El PolloFrito de pena.


----------



## Speedball

Diría “wank off” 
  Sin la preposición no tiene sentido.


----------



## pollofrito

Gracias Speedball!


----------



## Joe Public

Yes, I would say "I'm going to wank off right now." 'jack off' and 'masturbate' also work there.


----------



## pollofrito

Hi Joe,
Thanks a lot for your opinion. What about the word 'myself'? Would you say it?
El Pollo.
PS Thanks for the additional options!


----------



## Joe Public

I wouldn't usually say it, but to say "I'm going to wank myself [off] right now" would not be incorrect.


----------



## drunkenfool

UK English usage would more likely be...

"I'm going for a wank", or "I'm going to have a wank".  The word can also be used as an adjective, describing something of poor quality or that you don't like, i.e. "I thought that film was a bit wank".


----------



## pollofrito

Thanks Joe and Drunkenfool!!! I've learnt a lot  from you guys.


----------



## TraductoraPobleSec

And then there's _wanker_ as synonym of _jerk_, right? Though I have never heard this in the States, only in Britain.


----------



## redi

TraductoraPobleSec said:


> And then there's _wanker_ as synonym of _jerk_, right? Though I have never heard this in the States, only in Britain.


Tienes razón. En el Reino Unido se usa mucho esa palabra, pero sólo he oído a un estadounidense decirlo cuando está intentando imitar un acento británico.


----------



## TraductoraPobleSec

Y los bestias de mis amigos ingleses decían cosas del tipo "*A wank a day keeps the doctor away"*

¡Menudo temita!


----------



## redi

TraductoraPobleSec said:


> Y los bestias de mis amigos ingleses decían cosas del tipo "*A wank a day keeps the doctor away"*
> 
> ¡Menudo temita!


¡JAJA! Yo también he oído esa frasecilla bastantes veces. Mejor no mencionar si pongo en práctica lo que dice.


----------



## Vespertine

redi said:


> ¡JAJA! Yo también he oído esa frasecilla bastantes veces.

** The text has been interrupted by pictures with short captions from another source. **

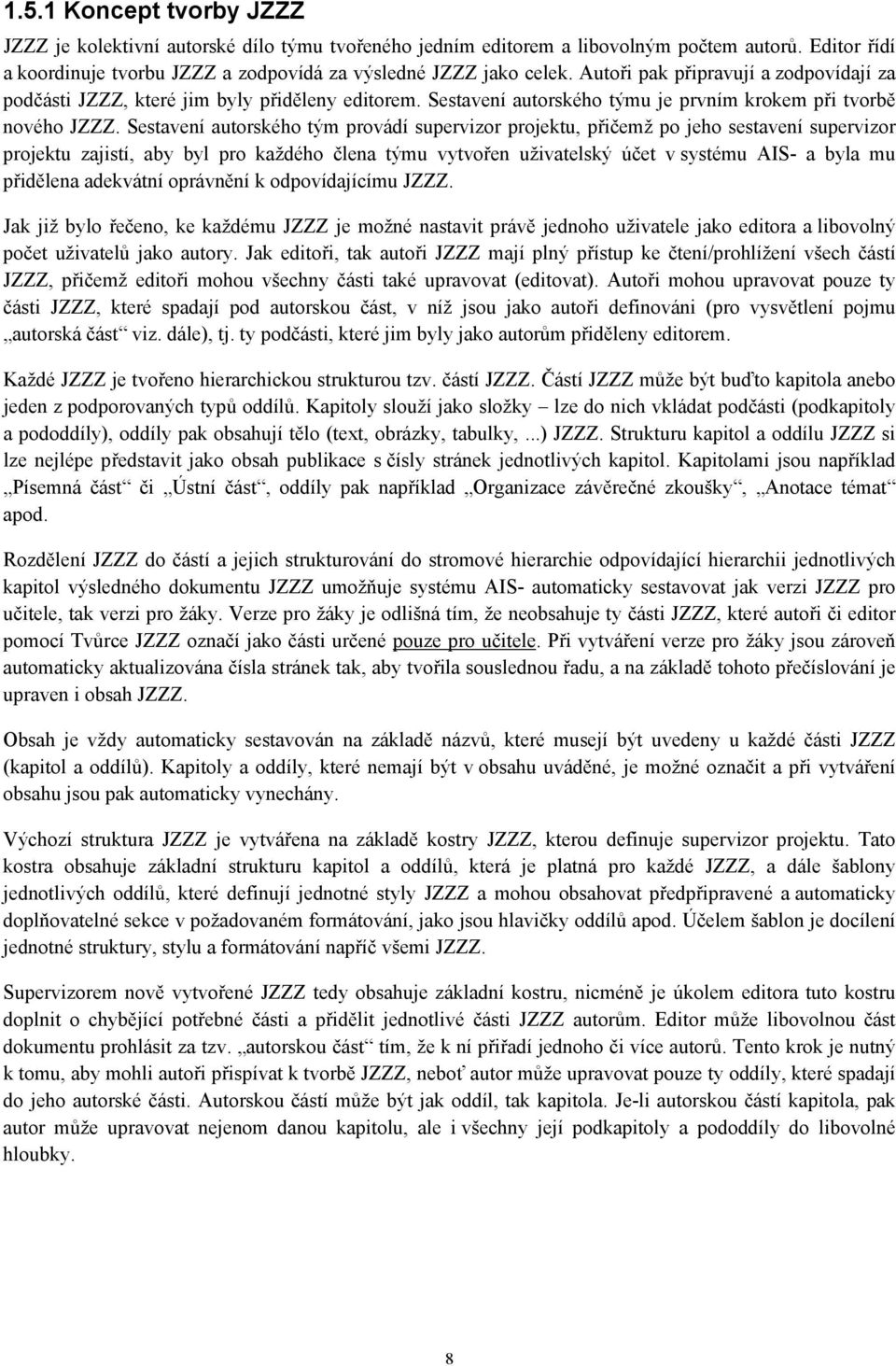 Sestavení autorského tým provádí supervizor projektu, přičemž po jeho sestavení supervizor projektu zajistí, aby byl pro každého člena týmu vytvořen uživatelský účet v systému AIS- a byla mu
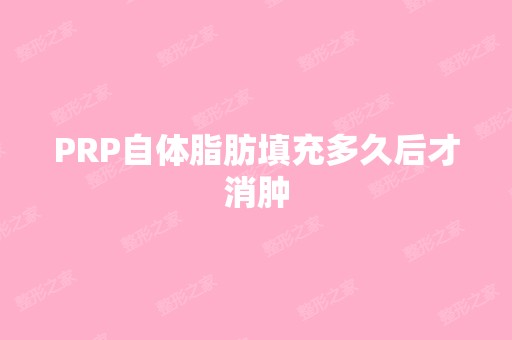 PRP自体脂肪填充多久后才消肿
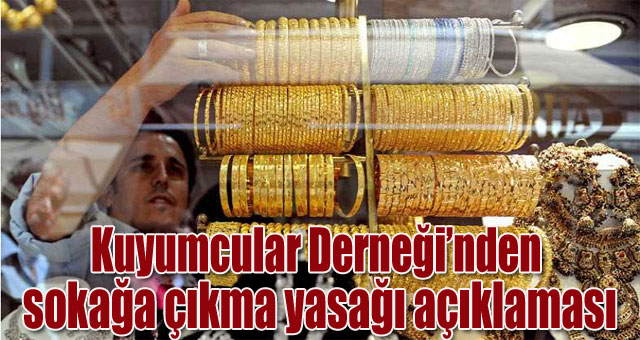 Kuyumcular derneğinden sokağa çıkma yasağı açıklaması 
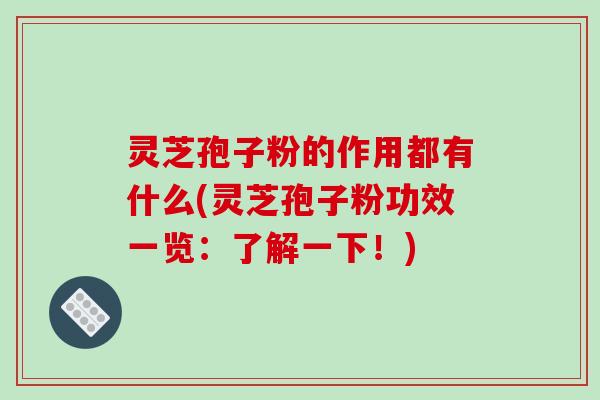 灵芝孢子粉的作用都有什么(灵芝孢子粉功效一览：了解一下！)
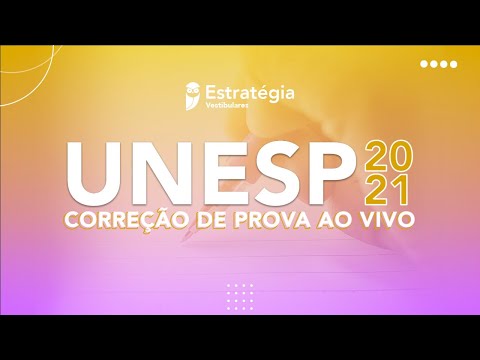 Gabarito UNESP 2021 – Correção de Prova - Ao vivo-  Primeira aplicação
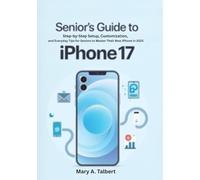 Senior’s Guide to iPhone 17: Step-by-Step Setup, Customization, and Everyday Tips for Seniors to Master Their New iPhone in 2025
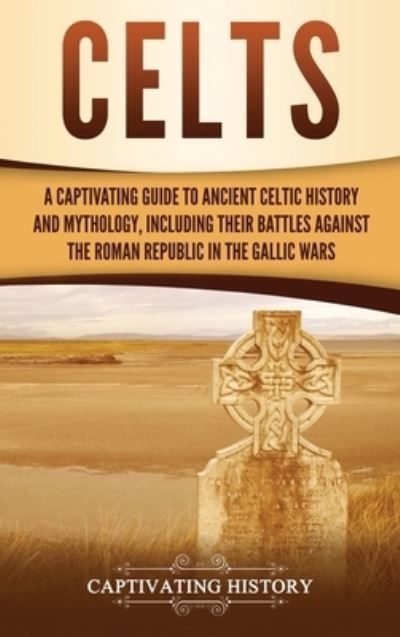 Cover for Captivating History · Celts A Captivating Guide to Ancient Celtic History and Mythology, Including Their Battles Against the Roman Republic in the Gallic Wars (Hardcover Book) (2019)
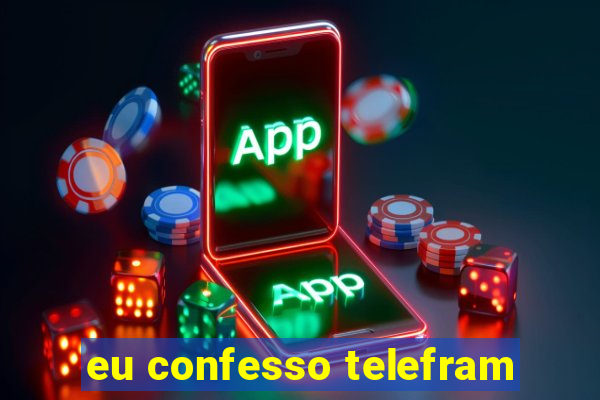 eu confesso telefram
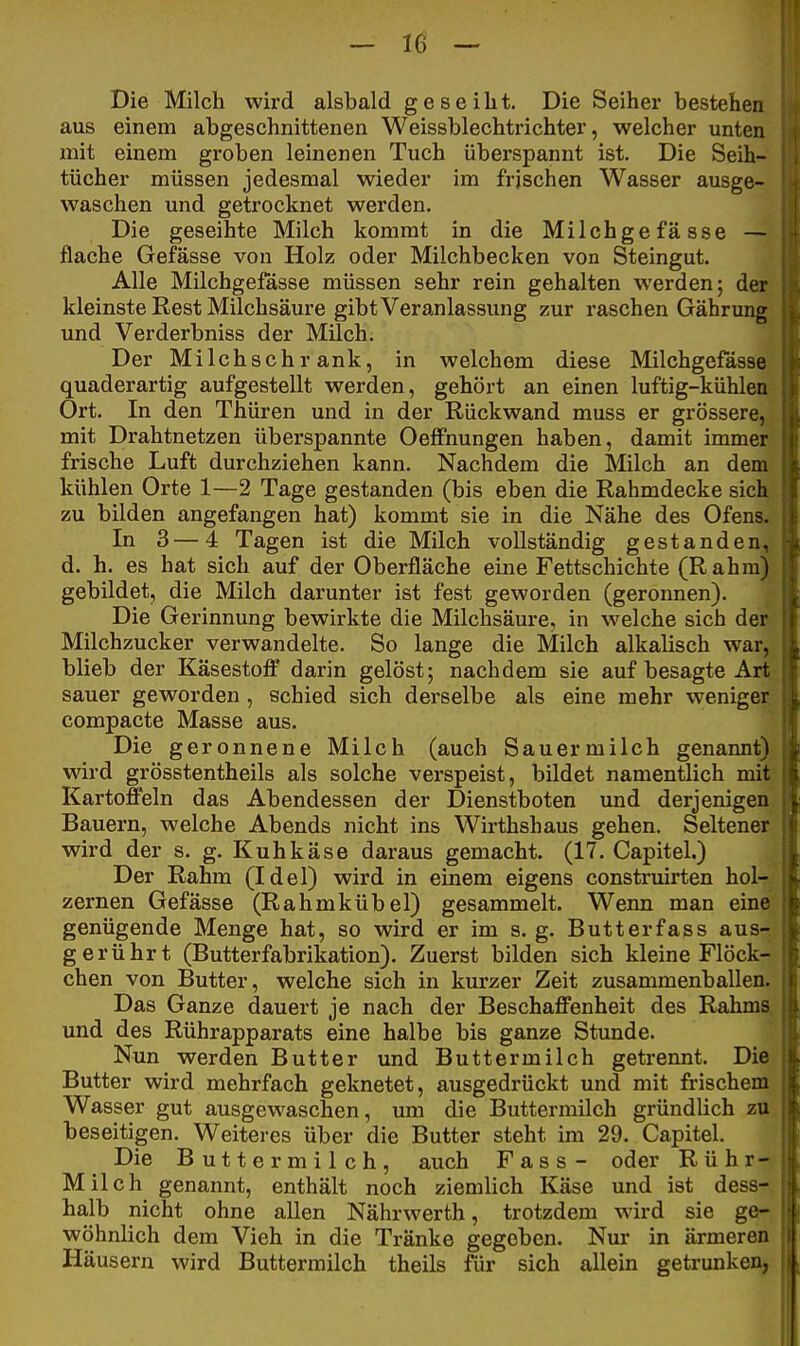 Die Milch wird alsbald geseilit. Die Seiher bestehen aus einem abgeschnittenen Weissblechtrichter, welcher unten mit einem groben leinenen Tuch überspannt ist. Die Seih- tücher müssen jedesmal wieder im frischen Wasser ausge- waschen und getrocknet werden. Die geseihte Milch kommt in die Milchgefasse — flache Gefässe von Holz oder Milchbecken von Steingut. Alle Milchgefässe müssen sehr rein gehalten werden; der kleinste Rest Milchsäure gibt Veranlassung zur raschen Gährung und Verderbniss der Milch. Der Milchschrank, in welchem diese Milchgefässe quaderartig aufgestellt werden, gehört an einen luftig-kühlen Ort. In den Thüren und in der Rückwand muss er grössere, mit Drahtnetzen überspannte Oelfnungen haben, damit immer frische Luft durchziehen kann. Nachdem die Milch an dem kühlen Orte 1—2 Tage gestanden (bis eben die Rahmdecke sich zu bilden angefangen hat) kommt sie in die Nähe des Ofens. In 3—4 Tagen ist die Milch vollständig gestanden, d. h. es hat sich auf der Oberfläche eine Fettschichte (Rahm) gebildet, die Milch darunter ist fest geworden (geronnen). Die Gerinnung bewirkte die Milchsäure, in welche sich der Milchzucker verwandelte. So lange die Milch alkalisch war, blieb der Käsestofi' darin gelöst; nachdem sie auf besagte Art sauer geworden, schied sich derselbe als eine mehr weniger compacte Masse aus. Die geronnene Milch (auch Sauermilch genannt) wird grösstentheils als solche verspeist, bildet namentlich mit Kartoffeln das Abendessen der Dienstboten und derjenigen Bauern, welche Abends nicht ins Wirthshaus gehen. Seltener wird der s. g. Kuhkäse daraus gemacht. (17. Capitel.) Der Rahm (Idel) wird in einem eigens construirten höl- zernen Gefässe (Rahmkübel) gesammelt. Weim man eine genügende Menge hat, so wird er im s. g. Butterfass aus- gerührt (Butterfabrikation). Zuerst bilden sich kleine Flöck- chen von Butter, welche sich in kurzer Zeit zusammenballen. Das Ganze dauert je nach der Beschaffenheit des Rahms und des Rührapparats eine halbe bis ganze Stunde. Nun werden Butter und Buttermilch getrennt. Die Butter wird mehrfach geknetet, ausgedrückt und mit frischem Wasser gut ausgewaschen, um die Buttermilch gründlich zu beseitigen. Weiteres über die Butter steht im 29. Capitel. Die Buttermilch, auch Fass- oder Rühr- Milch genannt, enthält noch ziemlich Käse und ist dess- halb nicht ohne allen Nährwerth, trotzdem wird sie ge- wöhnlich dem Vieh in die Tränke gegeben. Nur in ärmeren Häusern wird Buttermilch theils für sich allein getrunken,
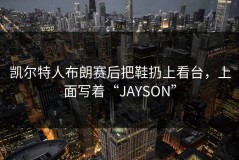 凯尔特人布朗赛后把鞋扔上看台，上面写着“JAYSON”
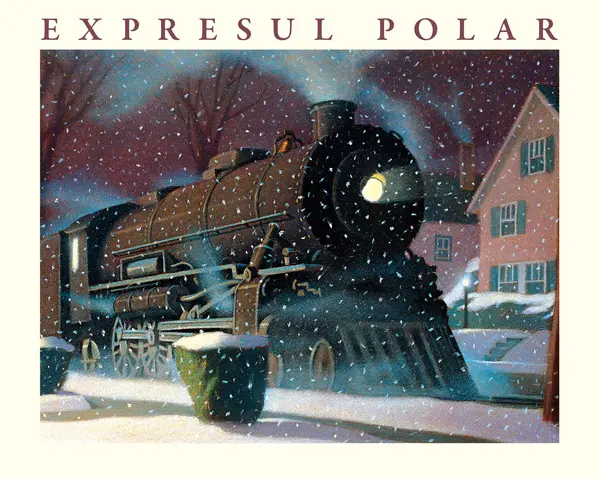 Expresul Polar - Chris Van Allsburg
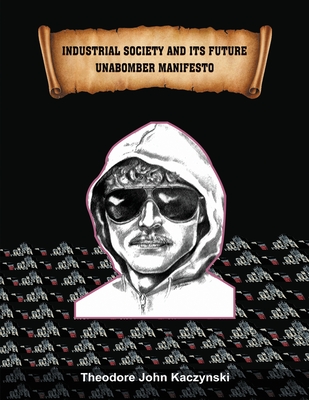Industrial Society and Its Future: Unabomber Manifesto - Kaczynski, Theodore John
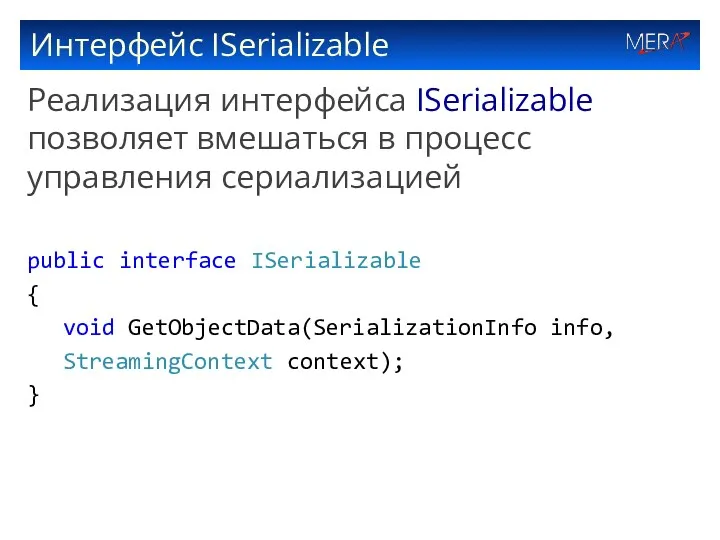 Интерфейс ISerializable Реализация интерфейса ISerializable позволяет вмешаться в процесс управления сериализацией public interface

Mejor no mencionar si pongo en práctica lo que dice.


 
Muy bien , con respecto a esa frace , entiendo perfectamente su significado literal , pero como metaforicamente? que se entenderia al decir eso?...I mean, having a wank a day keep me heathy?  ha ha ha ... que alguien me explique por dios.. por cierto... estoy aca para hacer amigos de gabla inglesa , asi que si les parece bien, me pueden escribir....a mi perfil o correo electronico


----------



## sinamon

Vespertine said:


> Muy bien , con respecto a esa frace , entiendo perfectamente su significado literal , pero como metaforicamente? que se entenderia al decir eso?...I mean, having a wank a day keep me heathy?  ha ha ha ... que alguien me explique por dios


Sí, significa exactamente eso . Realmente no tiene un significado metafórico, lo que pasa es que "An *apple* a day keeps the doctor away" es una expresión muy conocida, así que si cambias "apple" por "wank" simplemente suena graciosa  (y puede que sea verdad lo que dice... pero como el otro usuario, prefiero no comentar ).


----------



## Tim Owens

I understand "wank" is from the british slang, but what is the word that is used in the U.S ?


----------



## furrykef

No soy británico -- soy estadounidense -- pero yo lo diría, "I'm going to wank."



			
				Tim Owens said:
			
		

> I understand "wank" is from the british slang, but what is the word that is used in the U.S ?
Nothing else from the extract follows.